Look through the entries below and show every line containing the word "Condo".

[Data entries]
"""

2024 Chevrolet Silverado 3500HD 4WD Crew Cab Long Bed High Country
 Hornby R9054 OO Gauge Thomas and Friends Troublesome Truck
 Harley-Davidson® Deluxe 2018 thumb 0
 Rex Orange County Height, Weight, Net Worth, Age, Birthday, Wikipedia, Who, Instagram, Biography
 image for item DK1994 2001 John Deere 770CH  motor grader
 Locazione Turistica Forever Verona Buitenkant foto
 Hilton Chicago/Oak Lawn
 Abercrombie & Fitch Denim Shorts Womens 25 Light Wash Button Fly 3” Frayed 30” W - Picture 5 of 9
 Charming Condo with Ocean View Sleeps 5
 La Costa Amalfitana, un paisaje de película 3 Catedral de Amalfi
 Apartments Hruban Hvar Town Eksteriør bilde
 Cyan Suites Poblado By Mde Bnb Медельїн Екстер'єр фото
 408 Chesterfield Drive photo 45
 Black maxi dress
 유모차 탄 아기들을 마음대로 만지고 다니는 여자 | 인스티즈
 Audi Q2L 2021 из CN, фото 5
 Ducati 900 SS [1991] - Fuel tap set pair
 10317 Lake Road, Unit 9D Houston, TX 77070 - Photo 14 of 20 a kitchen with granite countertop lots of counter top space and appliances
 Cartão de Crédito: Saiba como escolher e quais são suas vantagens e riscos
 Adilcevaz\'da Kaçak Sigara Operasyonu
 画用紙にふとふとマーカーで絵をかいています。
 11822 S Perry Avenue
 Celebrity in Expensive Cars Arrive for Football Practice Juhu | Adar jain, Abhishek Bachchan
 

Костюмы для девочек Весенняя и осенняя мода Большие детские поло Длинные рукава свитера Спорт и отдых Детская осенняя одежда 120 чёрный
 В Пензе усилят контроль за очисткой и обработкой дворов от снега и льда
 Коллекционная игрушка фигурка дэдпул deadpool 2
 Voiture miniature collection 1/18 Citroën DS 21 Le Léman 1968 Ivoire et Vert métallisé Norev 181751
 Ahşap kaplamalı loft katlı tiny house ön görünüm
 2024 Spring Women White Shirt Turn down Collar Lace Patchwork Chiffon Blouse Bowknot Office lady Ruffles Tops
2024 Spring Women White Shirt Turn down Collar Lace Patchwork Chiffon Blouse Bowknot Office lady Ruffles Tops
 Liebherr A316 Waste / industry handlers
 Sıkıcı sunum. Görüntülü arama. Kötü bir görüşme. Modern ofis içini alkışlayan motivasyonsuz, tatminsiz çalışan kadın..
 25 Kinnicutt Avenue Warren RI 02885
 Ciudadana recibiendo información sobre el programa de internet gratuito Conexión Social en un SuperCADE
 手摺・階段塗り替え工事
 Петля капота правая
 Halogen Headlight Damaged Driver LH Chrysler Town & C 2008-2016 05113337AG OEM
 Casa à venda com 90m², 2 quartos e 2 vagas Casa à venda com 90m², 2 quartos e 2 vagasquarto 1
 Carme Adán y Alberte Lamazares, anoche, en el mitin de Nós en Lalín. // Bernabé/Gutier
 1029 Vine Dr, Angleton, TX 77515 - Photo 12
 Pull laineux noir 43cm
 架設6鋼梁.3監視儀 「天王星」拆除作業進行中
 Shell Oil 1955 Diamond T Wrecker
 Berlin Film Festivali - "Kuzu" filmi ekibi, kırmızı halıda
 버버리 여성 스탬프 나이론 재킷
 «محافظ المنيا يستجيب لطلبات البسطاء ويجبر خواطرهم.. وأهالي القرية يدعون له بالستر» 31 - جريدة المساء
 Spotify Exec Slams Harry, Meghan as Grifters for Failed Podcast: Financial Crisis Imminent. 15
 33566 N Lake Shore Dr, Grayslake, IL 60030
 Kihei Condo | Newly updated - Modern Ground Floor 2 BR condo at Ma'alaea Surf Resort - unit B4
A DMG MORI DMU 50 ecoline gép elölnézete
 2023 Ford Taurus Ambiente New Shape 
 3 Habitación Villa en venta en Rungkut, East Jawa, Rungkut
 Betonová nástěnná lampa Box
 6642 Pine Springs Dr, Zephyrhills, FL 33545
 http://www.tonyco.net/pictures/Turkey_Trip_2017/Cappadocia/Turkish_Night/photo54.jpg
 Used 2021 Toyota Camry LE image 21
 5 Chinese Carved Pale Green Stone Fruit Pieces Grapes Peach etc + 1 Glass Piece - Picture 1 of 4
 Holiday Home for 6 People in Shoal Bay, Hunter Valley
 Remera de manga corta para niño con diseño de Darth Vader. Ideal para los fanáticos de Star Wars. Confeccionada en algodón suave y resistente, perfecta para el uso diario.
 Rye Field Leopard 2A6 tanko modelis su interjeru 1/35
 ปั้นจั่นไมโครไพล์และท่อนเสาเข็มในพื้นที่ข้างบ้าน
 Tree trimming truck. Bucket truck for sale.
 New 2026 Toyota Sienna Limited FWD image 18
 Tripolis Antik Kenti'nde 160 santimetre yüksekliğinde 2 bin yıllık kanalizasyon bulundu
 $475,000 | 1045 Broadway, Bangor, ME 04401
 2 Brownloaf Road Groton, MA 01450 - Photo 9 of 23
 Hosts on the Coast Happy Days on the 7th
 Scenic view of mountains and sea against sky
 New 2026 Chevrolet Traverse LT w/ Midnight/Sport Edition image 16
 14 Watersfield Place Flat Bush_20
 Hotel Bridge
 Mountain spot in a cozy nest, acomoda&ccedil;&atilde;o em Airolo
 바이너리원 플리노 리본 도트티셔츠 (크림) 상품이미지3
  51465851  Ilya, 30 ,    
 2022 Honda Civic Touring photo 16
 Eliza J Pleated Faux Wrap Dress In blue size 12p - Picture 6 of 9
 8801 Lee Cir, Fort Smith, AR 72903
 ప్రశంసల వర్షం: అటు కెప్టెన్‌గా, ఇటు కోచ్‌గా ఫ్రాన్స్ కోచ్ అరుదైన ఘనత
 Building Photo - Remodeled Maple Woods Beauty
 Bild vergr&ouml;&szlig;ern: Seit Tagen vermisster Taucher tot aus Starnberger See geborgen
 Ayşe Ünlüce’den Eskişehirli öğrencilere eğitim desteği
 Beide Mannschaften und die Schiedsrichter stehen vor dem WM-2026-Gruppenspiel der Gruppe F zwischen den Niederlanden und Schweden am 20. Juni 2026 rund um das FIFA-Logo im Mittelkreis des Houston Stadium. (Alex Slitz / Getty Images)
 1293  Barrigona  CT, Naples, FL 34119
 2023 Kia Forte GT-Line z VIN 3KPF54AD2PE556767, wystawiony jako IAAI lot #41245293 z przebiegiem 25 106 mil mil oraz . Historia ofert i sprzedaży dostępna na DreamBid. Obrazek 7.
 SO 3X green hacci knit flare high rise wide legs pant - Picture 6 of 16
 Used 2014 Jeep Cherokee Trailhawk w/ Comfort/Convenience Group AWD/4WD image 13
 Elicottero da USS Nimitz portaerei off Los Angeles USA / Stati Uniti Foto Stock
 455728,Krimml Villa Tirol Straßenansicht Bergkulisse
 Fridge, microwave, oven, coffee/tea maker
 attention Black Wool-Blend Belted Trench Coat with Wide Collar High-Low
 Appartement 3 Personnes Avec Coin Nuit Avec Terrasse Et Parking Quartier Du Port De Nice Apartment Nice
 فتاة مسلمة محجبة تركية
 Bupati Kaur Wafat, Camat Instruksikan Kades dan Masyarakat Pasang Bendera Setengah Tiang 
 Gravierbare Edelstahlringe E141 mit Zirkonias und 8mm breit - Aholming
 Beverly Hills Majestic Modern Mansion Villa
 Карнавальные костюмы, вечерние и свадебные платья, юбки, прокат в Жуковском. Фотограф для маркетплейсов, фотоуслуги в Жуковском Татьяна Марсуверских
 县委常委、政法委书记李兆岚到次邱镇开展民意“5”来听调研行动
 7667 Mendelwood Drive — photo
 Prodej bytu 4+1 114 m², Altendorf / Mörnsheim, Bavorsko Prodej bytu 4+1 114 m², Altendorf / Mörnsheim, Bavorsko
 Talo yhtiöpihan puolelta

"""

Completed exercise:
 Charming Condo with Ocean View Sleeps 5
 Kihei Condo | Newly updated - Modern Ground Floor 2 BR condo at Ma'alaea Surf Resort - unit B4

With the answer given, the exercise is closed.